F5 was founded in 1982 by Mike Gunderloy, who began the review zine as a two-page dittoed publication and grew it into the premiere place to get your zine reviewed and read zine reviews. Cari Goldberg Janice became co-editor in the late 1980s. Shortly after Gunderloy and Goldberg Janice published the 1991 book "The World of Zine," which compiled a number of zines featured on the pages of Factsheet 5, Gunderloy quit the magazine. Hudson Luce put out a single issue of Factsheet Five and was rumored to have ruined things on the business end.
Jerod Pore started maintaining an electronic version of F5 on a website called The Well when he realized Hudson would not publish another issue. This was in the early days of the Internet and began after Pore suggested to Luce on alt.zines he put the reviews online. Pore in Second Guess #6 said, "Next thing I know, Hudson calls me on the phone, gets my address and sends me 350 pounds of zines. A number of different zines volunteered copies of their reviews to Pore for the website as well, including [[Maximum Rock'n'Roll], Fucktooth, Holy Titclamps, and Second Guess.

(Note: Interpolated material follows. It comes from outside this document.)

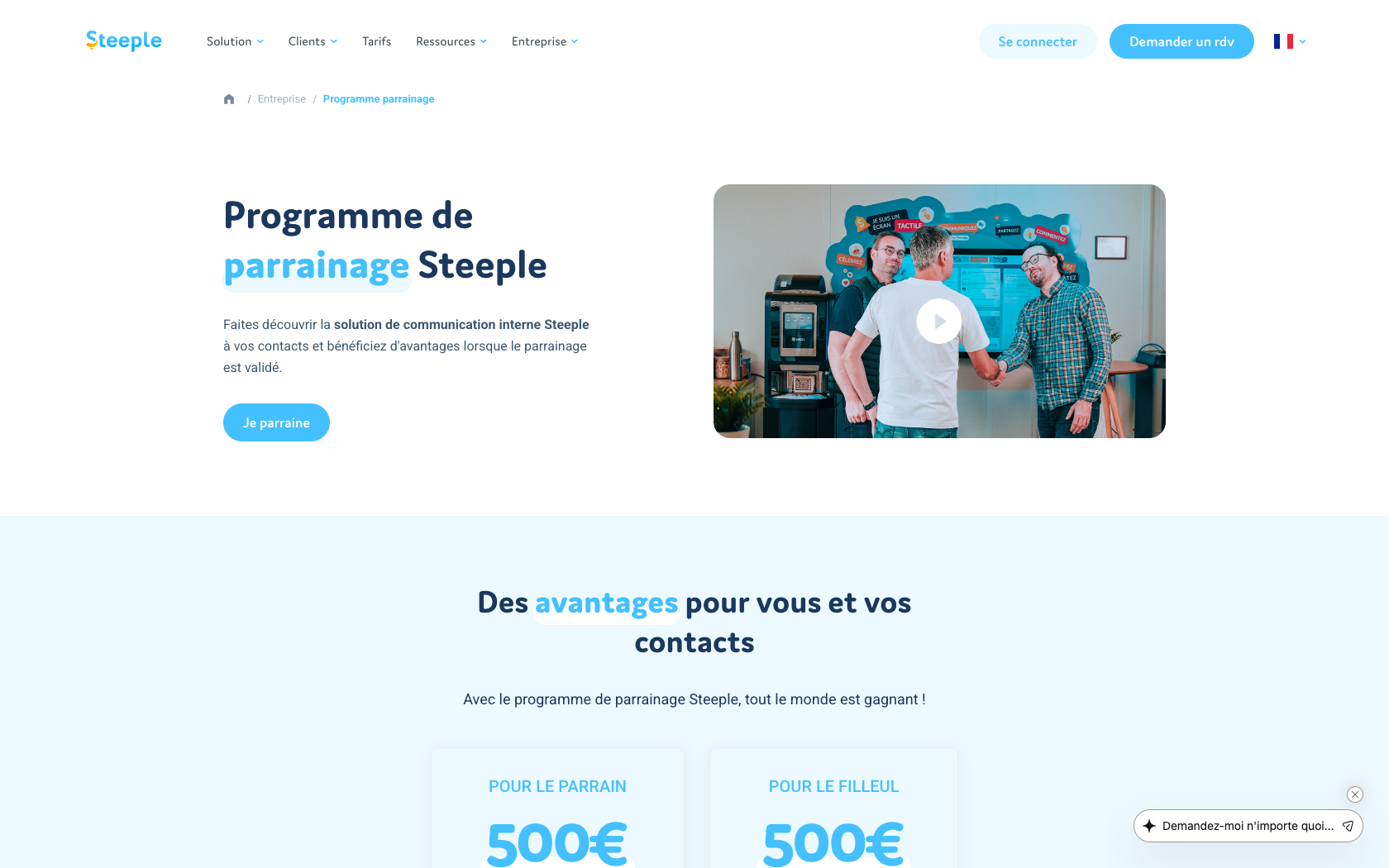 Page programme de parrainage Steeple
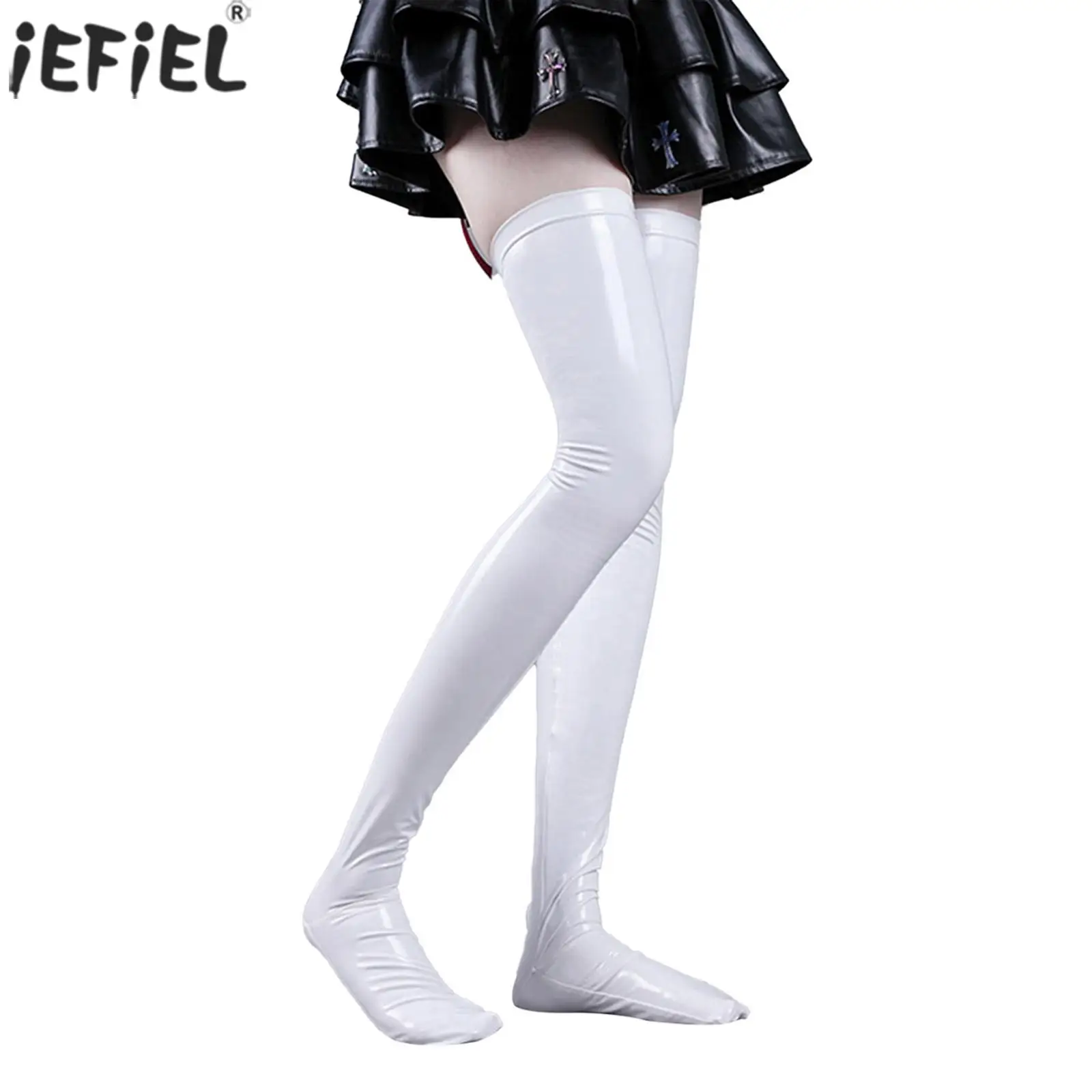 

Womens Glossy Wet Look Patent Leather Over Knee Thigh High Stockings Skinny Contrast Red Black Socks Ladies Erotic Clubwear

In 1991 R. Seth Friedman stepped in, picked up the pieces, and published F5 throughout the 1990s, once again bringing it into prominence. The electronic version at The Well ran the reviews from the print version a few months after each issue came out until 1994. Factsheet Five, at its height with Friedman and Editor Chris Becker, had approximately eight contributing editors and twenty regular contributors and freelancers. It was actually a profitable magazine, its annual gross was estimated at $130,000. Friedman got Factsheet Five national distribution and attention and also published The Factsheet Five Zine Reader in 1997, a book compiling 73 extracts from zines featured in the magazine (not unlike Gunderloy's book from six years ealier).
The last issue of Factsheet Five was published in 1998 by Friedman. There have been rumors for the past five years of a fourth editor stepping in to bring Factsheet 5 back to life. So far all that's materialized is a yearly announcement on alt.zines about its return "this year" and the magazine's website is updated occasionally to say F5's return has been delayed.